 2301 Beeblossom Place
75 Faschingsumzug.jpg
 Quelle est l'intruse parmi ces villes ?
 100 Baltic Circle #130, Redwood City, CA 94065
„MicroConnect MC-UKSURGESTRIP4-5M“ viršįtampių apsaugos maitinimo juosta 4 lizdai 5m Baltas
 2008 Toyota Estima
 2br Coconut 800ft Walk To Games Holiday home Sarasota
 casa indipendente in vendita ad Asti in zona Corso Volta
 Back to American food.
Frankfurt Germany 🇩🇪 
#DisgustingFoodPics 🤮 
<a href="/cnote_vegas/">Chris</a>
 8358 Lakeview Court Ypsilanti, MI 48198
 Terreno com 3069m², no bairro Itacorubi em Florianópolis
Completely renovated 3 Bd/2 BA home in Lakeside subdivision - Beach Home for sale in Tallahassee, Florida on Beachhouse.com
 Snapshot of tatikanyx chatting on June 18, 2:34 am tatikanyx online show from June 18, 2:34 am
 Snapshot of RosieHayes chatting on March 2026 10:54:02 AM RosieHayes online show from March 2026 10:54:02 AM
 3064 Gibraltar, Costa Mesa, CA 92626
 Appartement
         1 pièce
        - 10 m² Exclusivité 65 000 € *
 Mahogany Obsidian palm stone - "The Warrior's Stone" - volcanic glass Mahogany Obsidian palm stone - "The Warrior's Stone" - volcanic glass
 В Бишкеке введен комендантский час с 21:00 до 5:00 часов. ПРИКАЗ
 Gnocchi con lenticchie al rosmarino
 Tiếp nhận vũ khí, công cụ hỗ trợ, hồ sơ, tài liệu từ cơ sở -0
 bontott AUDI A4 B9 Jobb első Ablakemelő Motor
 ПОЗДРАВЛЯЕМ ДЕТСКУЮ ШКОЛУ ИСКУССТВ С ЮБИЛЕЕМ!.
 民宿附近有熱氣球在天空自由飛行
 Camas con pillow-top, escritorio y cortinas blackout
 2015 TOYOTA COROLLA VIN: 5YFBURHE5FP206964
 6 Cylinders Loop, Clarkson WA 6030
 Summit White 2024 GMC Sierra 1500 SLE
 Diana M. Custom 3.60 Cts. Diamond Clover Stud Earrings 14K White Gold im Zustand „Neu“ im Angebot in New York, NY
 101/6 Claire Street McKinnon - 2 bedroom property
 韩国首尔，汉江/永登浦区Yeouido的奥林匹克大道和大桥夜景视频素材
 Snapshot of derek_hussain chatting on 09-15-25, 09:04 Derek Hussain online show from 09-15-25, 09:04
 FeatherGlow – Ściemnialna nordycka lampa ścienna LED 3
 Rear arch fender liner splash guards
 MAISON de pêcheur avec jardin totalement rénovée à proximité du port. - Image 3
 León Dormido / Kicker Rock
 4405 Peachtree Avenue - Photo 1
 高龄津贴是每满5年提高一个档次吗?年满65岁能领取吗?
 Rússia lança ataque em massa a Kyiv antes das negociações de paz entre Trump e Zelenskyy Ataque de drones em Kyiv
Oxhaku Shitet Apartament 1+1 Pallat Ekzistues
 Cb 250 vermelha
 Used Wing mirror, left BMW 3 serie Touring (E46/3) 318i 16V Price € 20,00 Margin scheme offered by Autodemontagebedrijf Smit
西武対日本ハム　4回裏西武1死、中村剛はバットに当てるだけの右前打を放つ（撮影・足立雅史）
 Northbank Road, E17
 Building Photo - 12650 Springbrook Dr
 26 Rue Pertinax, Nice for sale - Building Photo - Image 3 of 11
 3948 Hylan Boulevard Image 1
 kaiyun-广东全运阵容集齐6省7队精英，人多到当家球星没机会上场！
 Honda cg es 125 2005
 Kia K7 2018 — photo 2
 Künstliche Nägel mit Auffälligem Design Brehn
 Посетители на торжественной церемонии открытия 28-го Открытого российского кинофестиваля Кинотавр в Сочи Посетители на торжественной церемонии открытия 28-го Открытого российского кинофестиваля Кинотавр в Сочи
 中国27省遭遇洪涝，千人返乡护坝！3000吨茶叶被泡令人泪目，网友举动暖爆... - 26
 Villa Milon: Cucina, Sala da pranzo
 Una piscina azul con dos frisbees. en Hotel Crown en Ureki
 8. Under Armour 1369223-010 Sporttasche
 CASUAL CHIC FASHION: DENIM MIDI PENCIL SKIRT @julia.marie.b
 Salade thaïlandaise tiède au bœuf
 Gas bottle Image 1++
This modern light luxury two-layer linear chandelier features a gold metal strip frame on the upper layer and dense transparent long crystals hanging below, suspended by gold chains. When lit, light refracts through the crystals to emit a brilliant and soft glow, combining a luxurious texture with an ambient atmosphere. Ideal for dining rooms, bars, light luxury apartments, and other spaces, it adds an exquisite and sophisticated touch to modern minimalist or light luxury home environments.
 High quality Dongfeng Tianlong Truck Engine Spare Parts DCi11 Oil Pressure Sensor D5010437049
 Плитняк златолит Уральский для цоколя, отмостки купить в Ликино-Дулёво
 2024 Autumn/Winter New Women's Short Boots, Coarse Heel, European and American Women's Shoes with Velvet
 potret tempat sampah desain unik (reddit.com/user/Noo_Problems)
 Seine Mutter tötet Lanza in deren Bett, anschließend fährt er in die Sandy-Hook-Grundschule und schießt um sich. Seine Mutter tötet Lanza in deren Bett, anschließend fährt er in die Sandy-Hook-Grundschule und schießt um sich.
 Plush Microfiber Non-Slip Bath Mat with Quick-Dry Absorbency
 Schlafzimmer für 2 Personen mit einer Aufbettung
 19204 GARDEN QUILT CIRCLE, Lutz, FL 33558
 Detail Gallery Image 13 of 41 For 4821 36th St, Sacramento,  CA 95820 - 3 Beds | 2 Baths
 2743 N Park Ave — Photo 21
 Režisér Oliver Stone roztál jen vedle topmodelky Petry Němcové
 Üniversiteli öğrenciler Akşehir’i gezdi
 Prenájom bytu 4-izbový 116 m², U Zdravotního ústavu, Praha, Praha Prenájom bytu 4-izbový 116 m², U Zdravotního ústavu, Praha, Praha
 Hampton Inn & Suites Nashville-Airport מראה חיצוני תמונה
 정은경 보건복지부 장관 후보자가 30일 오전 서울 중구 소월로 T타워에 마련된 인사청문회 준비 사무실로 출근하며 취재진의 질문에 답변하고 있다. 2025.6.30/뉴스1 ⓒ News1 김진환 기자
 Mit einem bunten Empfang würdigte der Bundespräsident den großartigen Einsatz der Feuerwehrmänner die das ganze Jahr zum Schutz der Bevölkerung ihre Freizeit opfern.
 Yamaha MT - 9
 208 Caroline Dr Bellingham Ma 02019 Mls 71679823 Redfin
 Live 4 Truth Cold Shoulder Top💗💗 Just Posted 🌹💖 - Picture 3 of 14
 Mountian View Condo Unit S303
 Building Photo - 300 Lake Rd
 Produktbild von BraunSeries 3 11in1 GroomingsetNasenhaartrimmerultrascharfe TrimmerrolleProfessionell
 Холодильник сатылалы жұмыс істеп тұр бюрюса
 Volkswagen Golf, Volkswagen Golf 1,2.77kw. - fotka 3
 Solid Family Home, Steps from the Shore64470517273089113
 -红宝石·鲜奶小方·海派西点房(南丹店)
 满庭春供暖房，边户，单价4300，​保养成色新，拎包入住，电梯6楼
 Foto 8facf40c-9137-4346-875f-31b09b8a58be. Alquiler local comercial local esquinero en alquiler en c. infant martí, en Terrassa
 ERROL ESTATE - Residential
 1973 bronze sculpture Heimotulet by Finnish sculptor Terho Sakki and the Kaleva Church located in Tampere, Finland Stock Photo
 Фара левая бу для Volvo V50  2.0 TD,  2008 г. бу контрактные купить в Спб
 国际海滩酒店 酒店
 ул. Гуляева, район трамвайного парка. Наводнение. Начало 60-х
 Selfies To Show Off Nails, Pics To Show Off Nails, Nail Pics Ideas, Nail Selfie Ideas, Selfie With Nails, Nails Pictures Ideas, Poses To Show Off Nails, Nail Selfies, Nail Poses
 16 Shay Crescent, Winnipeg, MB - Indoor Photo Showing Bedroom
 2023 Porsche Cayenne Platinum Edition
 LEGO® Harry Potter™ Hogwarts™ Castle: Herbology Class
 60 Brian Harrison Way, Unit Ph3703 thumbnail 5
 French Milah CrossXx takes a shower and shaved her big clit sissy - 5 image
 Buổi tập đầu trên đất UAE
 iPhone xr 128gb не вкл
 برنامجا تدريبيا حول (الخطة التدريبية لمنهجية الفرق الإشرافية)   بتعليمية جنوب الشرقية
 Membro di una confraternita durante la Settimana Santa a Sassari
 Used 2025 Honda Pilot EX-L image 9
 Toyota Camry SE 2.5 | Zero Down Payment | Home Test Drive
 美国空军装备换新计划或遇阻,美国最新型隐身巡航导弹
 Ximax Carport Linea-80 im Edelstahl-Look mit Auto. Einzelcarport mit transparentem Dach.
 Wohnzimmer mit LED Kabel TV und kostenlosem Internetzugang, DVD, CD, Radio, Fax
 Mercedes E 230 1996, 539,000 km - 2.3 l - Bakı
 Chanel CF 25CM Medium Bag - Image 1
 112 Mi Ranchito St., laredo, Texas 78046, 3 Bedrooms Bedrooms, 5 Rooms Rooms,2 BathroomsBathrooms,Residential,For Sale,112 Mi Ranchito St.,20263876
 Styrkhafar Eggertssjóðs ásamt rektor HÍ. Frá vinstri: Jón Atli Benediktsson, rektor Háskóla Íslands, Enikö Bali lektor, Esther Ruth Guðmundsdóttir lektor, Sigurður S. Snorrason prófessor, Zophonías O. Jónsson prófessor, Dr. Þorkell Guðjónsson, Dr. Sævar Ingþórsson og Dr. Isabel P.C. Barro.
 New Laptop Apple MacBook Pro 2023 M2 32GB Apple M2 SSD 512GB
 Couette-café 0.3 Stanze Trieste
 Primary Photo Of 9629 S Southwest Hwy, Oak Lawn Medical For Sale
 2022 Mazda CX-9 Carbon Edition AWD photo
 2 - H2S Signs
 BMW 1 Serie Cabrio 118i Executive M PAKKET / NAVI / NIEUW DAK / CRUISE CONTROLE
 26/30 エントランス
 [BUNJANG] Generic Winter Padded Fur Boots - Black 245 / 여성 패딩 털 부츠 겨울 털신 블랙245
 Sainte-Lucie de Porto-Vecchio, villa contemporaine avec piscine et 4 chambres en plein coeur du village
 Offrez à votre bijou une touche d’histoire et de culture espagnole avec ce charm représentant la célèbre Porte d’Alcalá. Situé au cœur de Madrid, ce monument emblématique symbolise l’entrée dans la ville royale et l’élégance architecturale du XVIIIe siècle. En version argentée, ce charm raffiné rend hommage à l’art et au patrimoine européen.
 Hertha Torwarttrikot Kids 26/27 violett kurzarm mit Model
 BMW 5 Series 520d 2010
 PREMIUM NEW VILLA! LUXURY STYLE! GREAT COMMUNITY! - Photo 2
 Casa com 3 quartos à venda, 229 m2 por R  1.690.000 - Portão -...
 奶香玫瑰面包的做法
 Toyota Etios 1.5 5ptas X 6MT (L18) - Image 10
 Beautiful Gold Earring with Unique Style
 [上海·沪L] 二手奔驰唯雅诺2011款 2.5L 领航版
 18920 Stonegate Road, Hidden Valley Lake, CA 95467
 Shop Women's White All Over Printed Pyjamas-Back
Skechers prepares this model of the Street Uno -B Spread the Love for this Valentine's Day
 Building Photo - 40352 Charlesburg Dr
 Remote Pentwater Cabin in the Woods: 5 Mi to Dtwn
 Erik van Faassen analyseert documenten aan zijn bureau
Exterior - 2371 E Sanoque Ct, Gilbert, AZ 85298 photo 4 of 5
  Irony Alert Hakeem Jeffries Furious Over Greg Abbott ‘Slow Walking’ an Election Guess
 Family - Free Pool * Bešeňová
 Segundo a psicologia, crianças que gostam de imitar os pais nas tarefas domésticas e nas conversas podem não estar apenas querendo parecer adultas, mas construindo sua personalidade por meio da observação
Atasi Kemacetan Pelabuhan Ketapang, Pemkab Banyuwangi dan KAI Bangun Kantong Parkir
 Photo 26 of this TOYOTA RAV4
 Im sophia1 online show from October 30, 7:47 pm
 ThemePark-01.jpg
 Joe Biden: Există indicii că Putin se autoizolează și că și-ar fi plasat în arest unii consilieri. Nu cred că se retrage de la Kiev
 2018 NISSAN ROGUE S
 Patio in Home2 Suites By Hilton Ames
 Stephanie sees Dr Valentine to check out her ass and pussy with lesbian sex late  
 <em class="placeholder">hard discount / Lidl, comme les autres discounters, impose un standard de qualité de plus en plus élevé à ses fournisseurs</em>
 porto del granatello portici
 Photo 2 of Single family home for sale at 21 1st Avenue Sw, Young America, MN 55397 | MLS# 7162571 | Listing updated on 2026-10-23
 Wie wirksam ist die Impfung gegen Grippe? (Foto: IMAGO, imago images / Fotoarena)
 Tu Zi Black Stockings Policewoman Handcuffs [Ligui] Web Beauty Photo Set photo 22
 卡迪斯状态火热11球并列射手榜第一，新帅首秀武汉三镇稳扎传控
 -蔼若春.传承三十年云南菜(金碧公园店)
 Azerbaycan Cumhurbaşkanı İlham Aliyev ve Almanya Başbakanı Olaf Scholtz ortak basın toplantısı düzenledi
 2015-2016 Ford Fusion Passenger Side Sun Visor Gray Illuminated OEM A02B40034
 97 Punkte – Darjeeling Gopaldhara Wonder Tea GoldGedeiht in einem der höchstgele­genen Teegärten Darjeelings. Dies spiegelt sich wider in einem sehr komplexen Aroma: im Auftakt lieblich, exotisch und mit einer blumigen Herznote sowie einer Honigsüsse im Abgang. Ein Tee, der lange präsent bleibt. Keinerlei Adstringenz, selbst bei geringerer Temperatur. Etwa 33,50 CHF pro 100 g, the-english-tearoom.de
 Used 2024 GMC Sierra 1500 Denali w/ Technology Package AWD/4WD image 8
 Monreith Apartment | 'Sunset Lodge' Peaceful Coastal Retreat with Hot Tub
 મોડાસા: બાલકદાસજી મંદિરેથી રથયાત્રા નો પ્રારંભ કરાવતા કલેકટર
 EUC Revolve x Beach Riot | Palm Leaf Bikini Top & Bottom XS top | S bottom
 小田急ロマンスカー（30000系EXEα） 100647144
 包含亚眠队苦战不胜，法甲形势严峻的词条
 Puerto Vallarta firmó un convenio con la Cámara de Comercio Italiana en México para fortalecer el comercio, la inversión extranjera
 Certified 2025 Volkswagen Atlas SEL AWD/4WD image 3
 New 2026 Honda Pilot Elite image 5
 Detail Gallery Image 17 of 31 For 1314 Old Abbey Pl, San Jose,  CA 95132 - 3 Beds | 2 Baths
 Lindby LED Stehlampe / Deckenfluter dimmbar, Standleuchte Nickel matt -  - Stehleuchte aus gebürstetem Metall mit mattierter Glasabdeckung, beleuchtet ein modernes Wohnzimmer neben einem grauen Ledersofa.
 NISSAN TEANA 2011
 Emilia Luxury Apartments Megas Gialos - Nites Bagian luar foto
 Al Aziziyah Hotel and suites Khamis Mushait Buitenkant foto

### Task instructions
Would you please transcribe the lines above exactly, starting with the first line of the material and ending with the line that has "Terreno com 3069m², no"?

### Result of this task
 2301 Beeblossom Place
75 Faschingsumzug.jpg
 Quelle est l'intruse parmi ces villes ?
 100 Baltic Circle #130, Redwood City, CA 94065
„MicroConnect MC-UKSURGESTRIP4-5M“ viršįtampių apsaugos maitinimo juosta 4 lizdai 5m Baltas
 2008 Toyota Estima
 2br Coconut 800ft Walk To Games Holiday home Sarasota
 casa indipendente in vendita ad Asti in zona Corso Volta
 Back to American food.
Frankfurt Germany 🇩🇪 
#DisgustingFoodPics 🤮 
<a href="/cnote_vegas/">Chris</a>
 8358 Lakeview Court Ypsilanti, MI 48198
 Terreno com 3069m², no bairro Itacorubi em Florianópolis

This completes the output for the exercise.